D’ailleurs, les grosses sociétés ont révisé à la hausse leurs perspectives d’investissements à +7,4% pour 2014, contre +0,1% à la dernière enquête. L’indice d’activité des PME, considéré comme un indicateur avancé de l’emploi et des salaires, s’est à nouveau amélioré de 2 points à +11 pour le deuxième trimestre. Une résistance liée à l’effet du plan de relance budgétaire qui a conduit à une hausse de 45,8% de la valeur des contrats publics reçus par le secteur de la construction entre les mois de mars et mai. Le taux de chômage a chuté à 3,5% en mai, son plus faible niveau depuis fin 1997.
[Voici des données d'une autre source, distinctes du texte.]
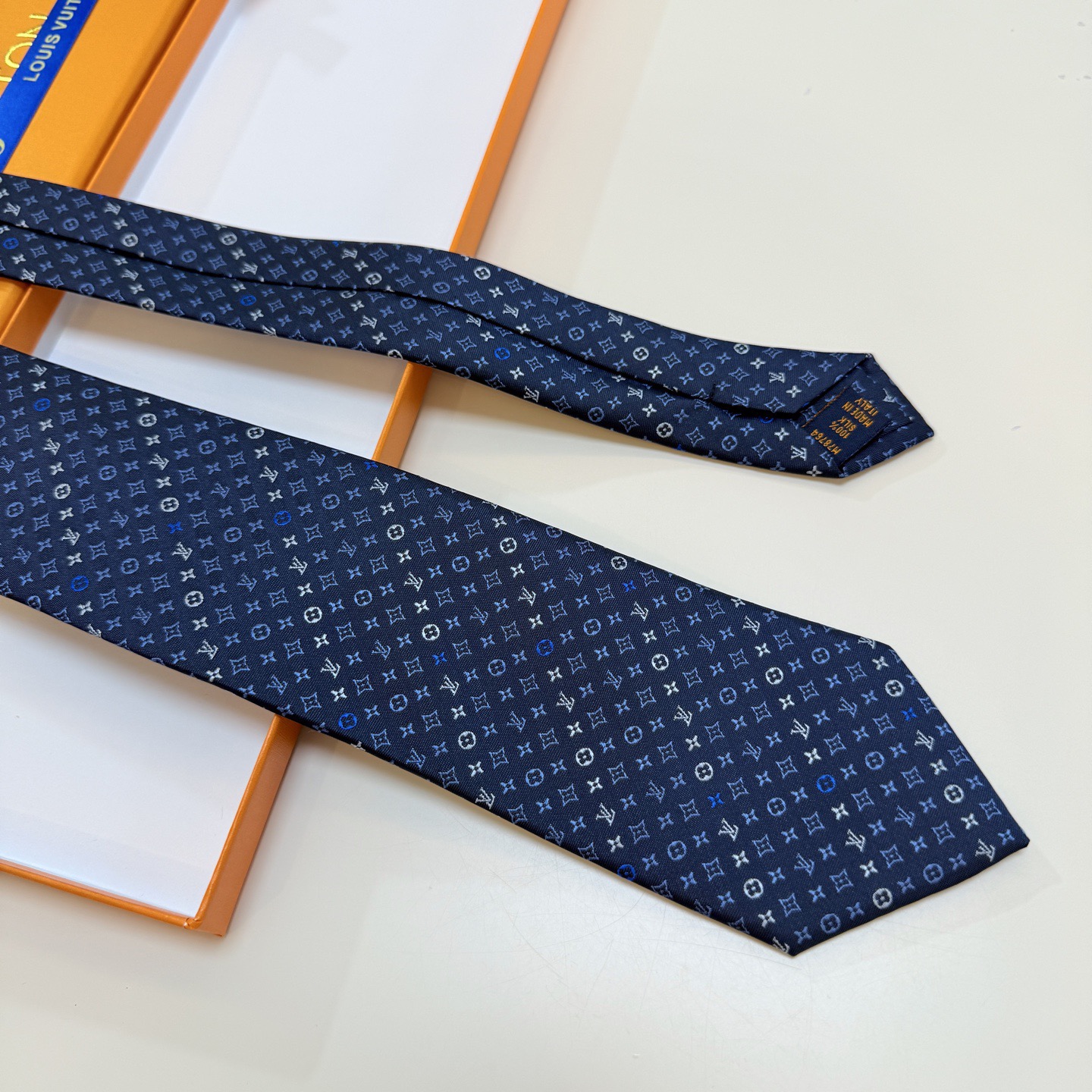 🌾 Lv字母标识领带，稀有😻😻展现精湛手工与时尚优雅的理想选择，此款真丝织就的Diamonds V领带以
Dans ce contexte, si le PIB japonais a progressé à un rythme de 6,7% au premier trimestre, une contraction semble inévitable au deuxième. C’est donc du rebond de l’activité au troisième trimestre que dépendront à la fois la nouvelle hausse du taux de TVA à 10% prévue pour octobre 2015, mais aussi un nouvel assouplissement monétaire de la BoJ pour soutenir l’activité et l’inflation. Barclays table sur une contraction du PIB de 3,8% au deuxième trimestre, puis un rebond de 1,7% et 2,3% aux deux derniers, soit une croissance de 1,7% sur 2014.